Combining PDFS of slightly different formats using Power Query


I have these PDFs files and I want to extract the values in red and arrange them in a tabular form as shown below. I have attached the 3 sample PDFs in the link below. My problem is that sometimes the format of the PDFs add spaces between the tables and the DATE needs to be extracted and put in a column. The DATE is currently not in a table.

Is there a way I can combine the 3 sample PDFs in a single file using PowerQuery? Thanks for the anticipated help.

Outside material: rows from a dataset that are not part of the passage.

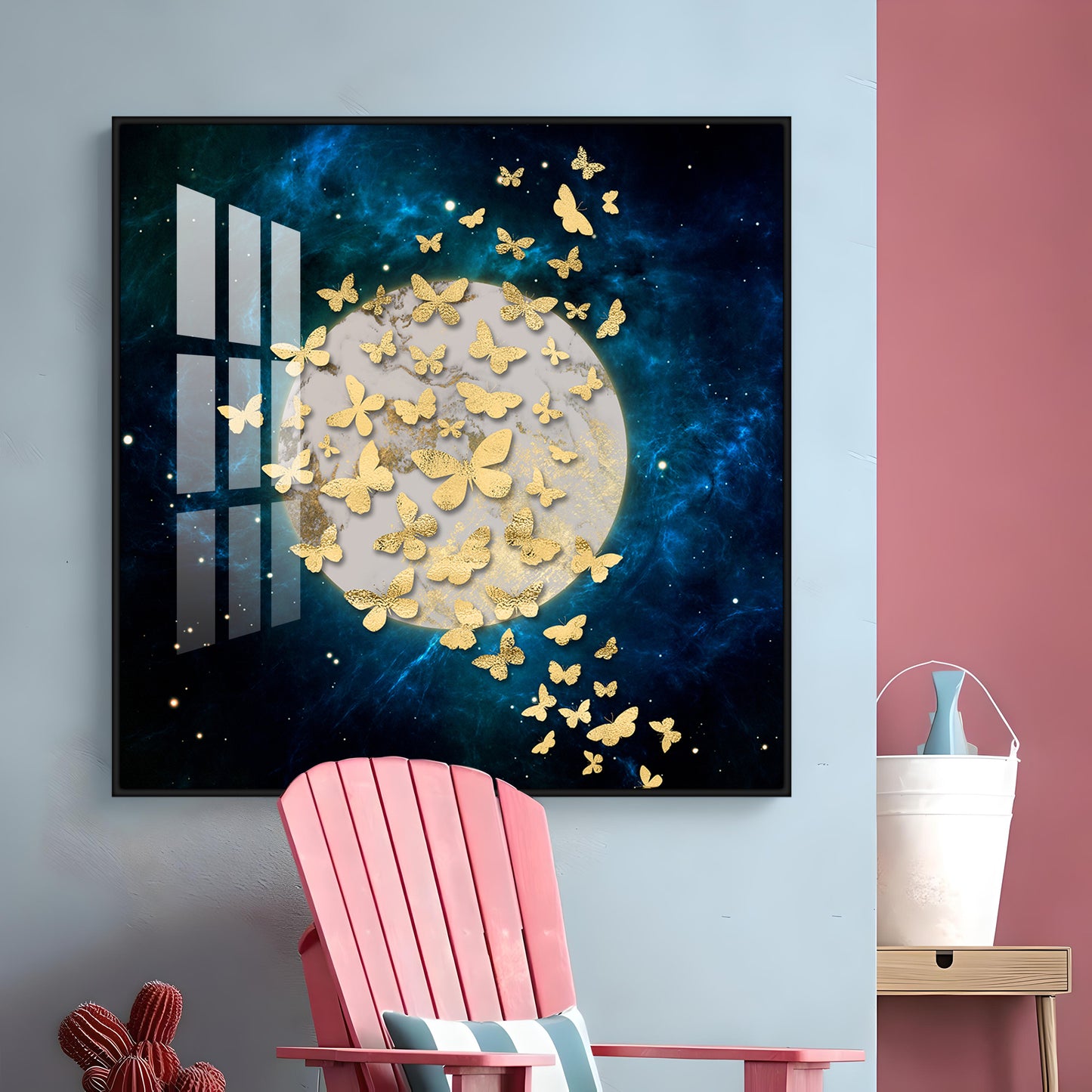 The Golden Array Premium Acrylic Square Wall Art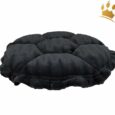 Hundebett Bessie & Barnie Cuddle Pod – Gravel Stone – Black Puma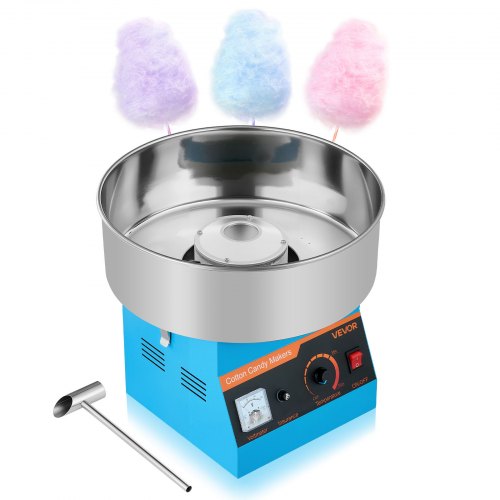 VEVOR Commerciële Suikerspinmachine Elektrische 1kW Suikerspinmaker Blauw afbeelding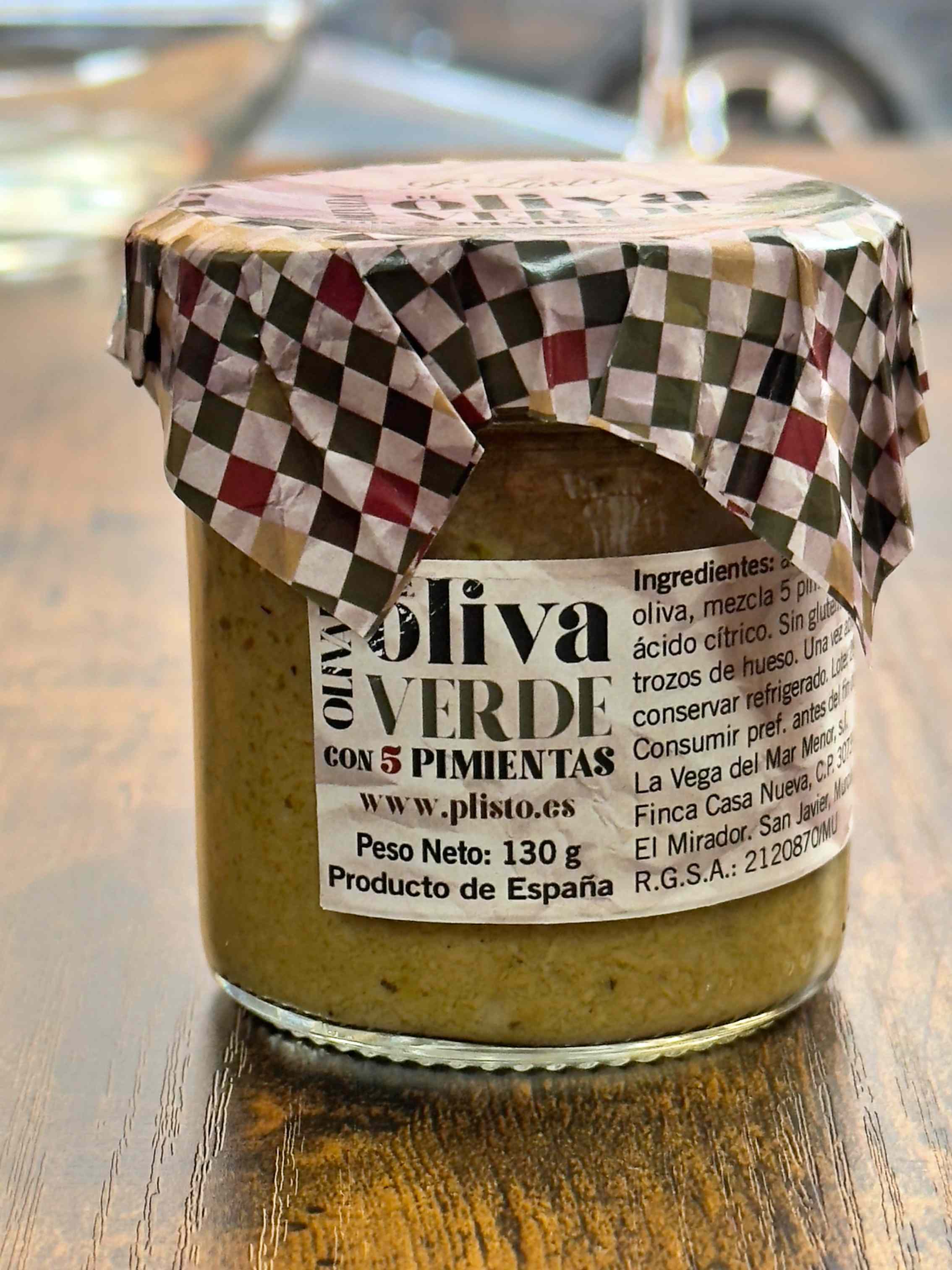 Olivada Verda a les 5 Pebre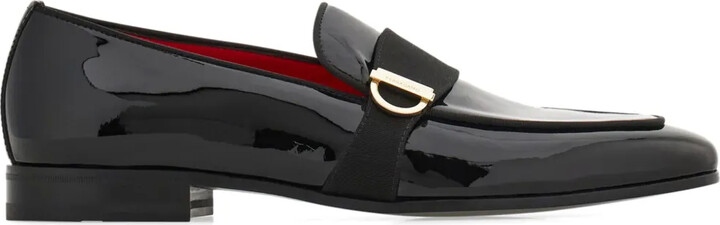 Gancini-plaque loafers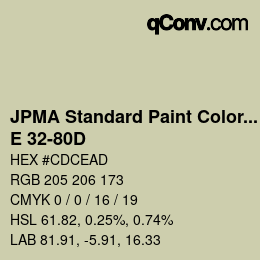 Color code: JPMA Standard Paint Colors - E 32-80D | qconv.com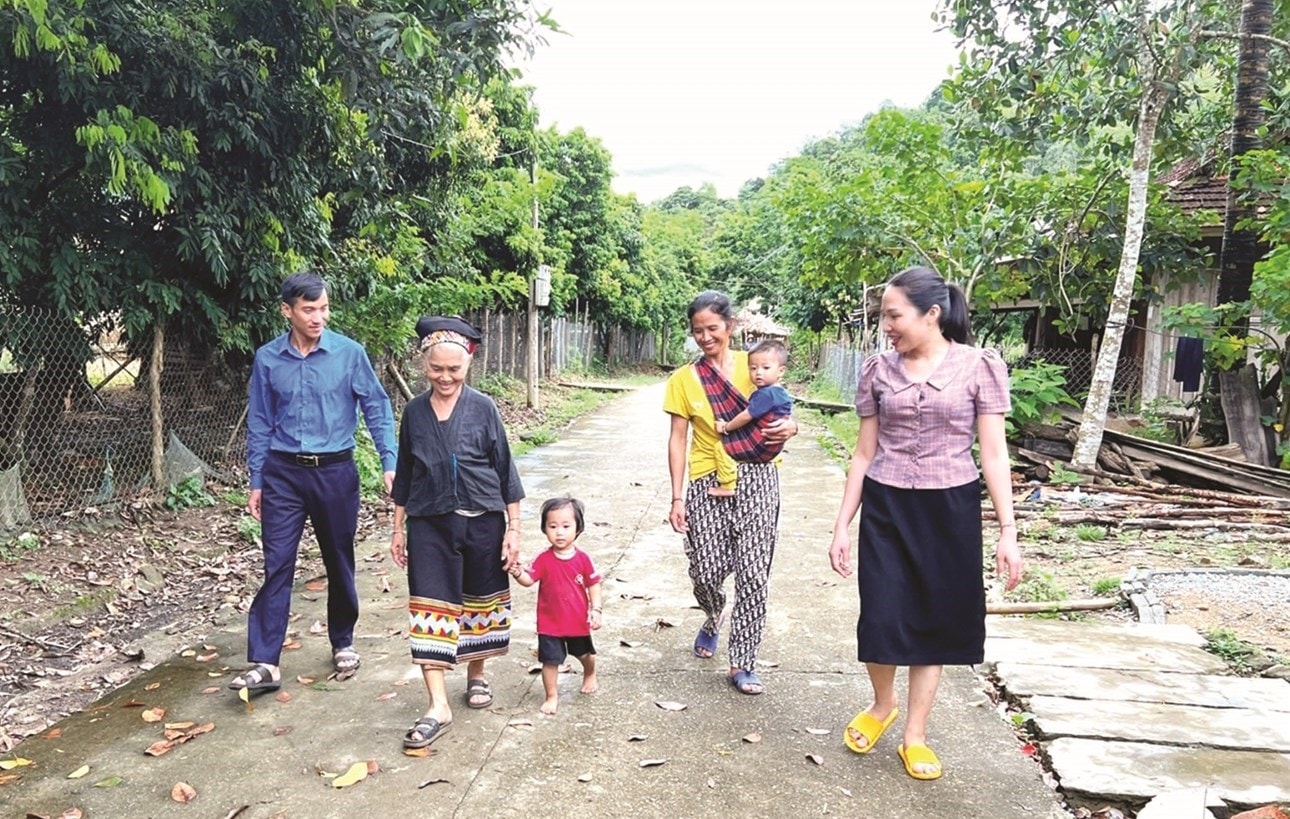 Một góc bản Văng Môn, xã Nga My, tỉnh Nghệ An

https://gofile.io/d/iNtyNc

enter image description here


Solution

  • enter image description here

    let
        Source = Folder.Files("C:\Users\Dav\Downloads\test"),
        #"Filtered Rows" = Table.SelectRows(Source, each [Extension] = ".pdf"),
        #"Added Custom" = Table.AddColumn(#"Filtered Rows", "Custom", each Pdf.Tables([Content], [Implementation="1.3"])),
        #"Added Custom1" = Table.AddColumn(#"Added Custom", "Custom.1", each [Custom]{[Id="Page001"]}[Data]),
        #"Removed Other Columns" = Table.SelectColumns(#"Added Custom1",{"Custom.1"}),
        #"Expanded Custom.1" = Table.ExpandTableColumn(#"Removed Other Columns", "Custom.1", {"Column1", "Column2", "Column3", "Column4", "Column5", "Column6", "Column7", "Column8"}),
        #"Added Custom2" = Table.AddColumn(#"Expanded Custom.1", "Custom", each let a = Record.ToList(_),
    b = if [Column1] = null then List.Transform(a, each try DateTime.FromText(_) otherwise null) else {},
    c = List.First( List.RemoveNulls(b))
    in c),
        #"Filled Down" = Table.FillDown(#"Added Custom2",{"Custom"}),
        #"Filtered Rows1" = Table.SelectRows(#"Filled Down", each [Column4] <> null),
        #"Filtered Rows2" = Table.SelectRows(#"Filtered Rows1", each [Column1] <> "Data"),
        #"Filtered Rows3" = Table.SelectRows(#"Filtered Rows2", each [Column1] <> "Data2"),
        #"Removed Columns" = Table.RemoveColumns(#"Filtered Rows3",{"Column7", "Column8"}),
        #"Renamed Columns" = Table.RenameColumns(#"Removed Columns",{{"Column1", "Data"}, {"Column2", "Test"}, {"Column3", "Test_YTD"}, {"Column4", "Test2"}, {"Column5", "Pai"}, {"Column6", "Temp"}, {"Custom", "Date"}})
    in
        #"Renamed Columns"